This morning Stiggy chose to read a book that was a little challenging. I encouraged him and helped him with the dificult words. For some reason, after about 2 pages he got hung up on the word ‘looked’ (which he’s read several times before). I explained that the k-e-d is simply said ‘kd’ and then told him to sound the whole word out again. He wouldn’t. He slouched, he slumped, he pulled a face and whinged. Now, we’d already gone round this roundabout with about 4 other words, and I wasn’t going to allow him to give up. I then had him read the rest of the sentence and go back to ‘looked.’ Grudgingly, he eventually read the word.

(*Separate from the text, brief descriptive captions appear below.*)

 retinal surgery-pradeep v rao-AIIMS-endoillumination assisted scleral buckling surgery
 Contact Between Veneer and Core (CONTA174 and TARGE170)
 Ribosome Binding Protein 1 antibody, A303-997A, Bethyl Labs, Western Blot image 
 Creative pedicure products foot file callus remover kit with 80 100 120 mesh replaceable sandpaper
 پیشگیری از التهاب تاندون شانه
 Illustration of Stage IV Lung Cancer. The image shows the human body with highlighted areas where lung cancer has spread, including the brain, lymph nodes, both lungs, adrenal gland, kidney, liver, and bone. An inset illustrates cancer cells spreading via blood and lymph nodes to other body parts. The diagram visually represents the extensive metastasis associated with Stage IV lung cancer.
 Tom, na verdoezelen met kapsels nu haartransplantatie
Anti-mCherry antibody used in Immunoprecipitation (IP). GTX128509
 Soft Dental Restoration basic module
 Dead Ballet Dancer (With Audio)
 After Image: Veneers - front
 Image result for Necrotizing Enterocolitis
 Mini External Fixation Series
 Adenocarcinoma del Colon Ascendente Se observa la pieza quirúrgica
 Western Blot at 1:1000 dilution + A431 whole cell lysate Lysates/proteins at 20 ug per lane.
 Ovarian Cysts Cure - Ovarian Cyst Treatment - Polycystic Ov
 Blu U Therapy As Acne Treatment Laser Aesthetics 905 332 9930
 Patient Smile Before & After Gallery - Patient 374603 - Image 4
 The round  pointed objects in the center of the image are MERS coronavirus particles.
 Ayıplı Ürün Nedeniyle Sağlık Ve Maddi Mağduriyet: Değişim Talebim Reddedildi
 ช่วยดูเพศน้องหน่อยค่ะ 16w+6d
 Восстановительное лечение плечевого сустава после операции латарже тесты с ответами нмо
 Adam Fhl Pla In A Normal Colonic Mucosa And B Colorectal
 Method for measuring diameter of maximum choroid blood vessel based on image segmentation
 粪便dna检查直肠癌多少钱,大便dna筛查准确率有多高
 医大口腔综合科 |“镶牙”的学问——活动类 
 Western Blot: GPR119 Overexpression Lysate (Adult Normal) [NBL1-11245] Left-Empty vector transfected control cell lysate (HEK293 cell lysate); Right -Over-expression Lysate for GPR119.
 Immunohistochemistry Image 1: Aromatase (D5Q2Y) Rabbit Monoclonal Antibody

Most of us teaching our children have days like this. And if you’re evil like me, one too many of these episodes will produce a ‘you’re-gonna-have-to-go-to-school-if-you-don’t-try’ lecture in the hopes of bringing about a change of attitude. I frequently remind Stiggy how lucky he is to be learning to read sitting on his own sofa with his blanket and doggy, the cat milling around, a warm drink at hand, etc, etc. I told him that he wouldn’t be able to say, ‘I can’t’ and just give up, and I’m not going to allow it, either.
I know, I’m so mean.
Now, some days it’s best to put the lesson away when things are going bad. But I knew this was simply a case of ‘I don’t wanna’ rather than ‘it’s just not a good time.’ And I want Stiggy to develop his will and self-discipline.
Anyway, we got through the lesson, but it had set me a little on edge.
We did a few other things, then moved on to our natural history lesson. We’re using The First Book of Birds, which is a lovely little book. I read a small section on birds at rest. The vast majority of these few paragraphs gave information on where birds sleep. When I’d finished, Stiggy looked at me and said, ‘But where do birds sleep?’
This isn’t the first time Stiggy has failed to take in a lesson, but lately it’s been happening more frequently than it should.
I closed my eyes and took a deep breath, but it didn’t help.
I was in full meltdown mode.
I put my head in my hands and fought back the tears. I asked him if he could tell me anything about Ancient China. Nope. Ancient India? Nothing. Ancient West Africa, which we’re studying now? Zilch.
I excused myself and went upstairs so I could bang my head against the wall have my breakdown in privacy and went on a mental rampage about all the time, money, and energy I’m wasting on homeschooling…all the planning, all the excitement, all the hope…and it’s failed to produce any results…he’s learned nothing.
Ok, not nothing. He is reading well when he wants to, his math skills are excellent, his handwriting has improved by leaps and bounds, he can tell me a million things about ancient Egypt, gives great narrations, picks up his memory work with ease, he’s loving poetry, art, music, British history, grammar, Monet, Spanish, and he knows far more about plants than I did even when I graduated hight school…
…so it hasn’t been a complete disastrous failure, I suppose.
And then I reminded myself that it isn’t imperative that a child do history at this age. The point is to get a basic overview and develop an interest…which is what we’re doing, and doing well.
So, I went back downstairs and Stiggy and I went through our curricula, subject by subject, and I asked him what he likes and doesn’t like.
He likes everything except:
He’s just not interested in learning about birds right now. He wants to learn about reptiles, snakes in particular. Ok, fine. Great. We’ve got a book on reptiles, the library will have a ton of books on reptiles (I can’t seem to find a living book on reptiles, but I’ll keep searching), and I’ve ordered him a colouring book. Lovely.
Narration and Copywork in conjunction with traditional stories linked to history
He doesn’t seem to be enjoying most of the myths and traditional stories that we use to supplement history. He likes some of them, particularly the ones in Story of the World, and the nice picture book ones like Once a Mouse, and The Story about Ping, but he does not like the ones I read out to him from the Baldwin Project. I think they’re too advanced for him and there are few pictures.
I used these myths/stories for his Writing with Ease narrations, but he does enough narration with history, science, grammar, Shakespeare, art and even math. So, I will choose one suitable traditional story that I know he will enjoy each week (if I can’t find one, we’ll do an Aesop’s Fable). As for the copywork, I will make this from poetry and he will do one line a day. Our schedule has been so jammed that we haven’t had time for poetry, which Stiggy has really missed. On Friday we will skip poetry, read the well-chosen traditional story, do a narration, and I’ll create a copywork page based on his narration for him to do (again, this format is taken from Writing with Ease). He’s happy with this arrangement. He gets his copywork, we’re still follwing Writing with Ease, and we can cut out the stories that no one was enjoying and weren’t enriching our history study anyway.
We can try them again during the next history rotation.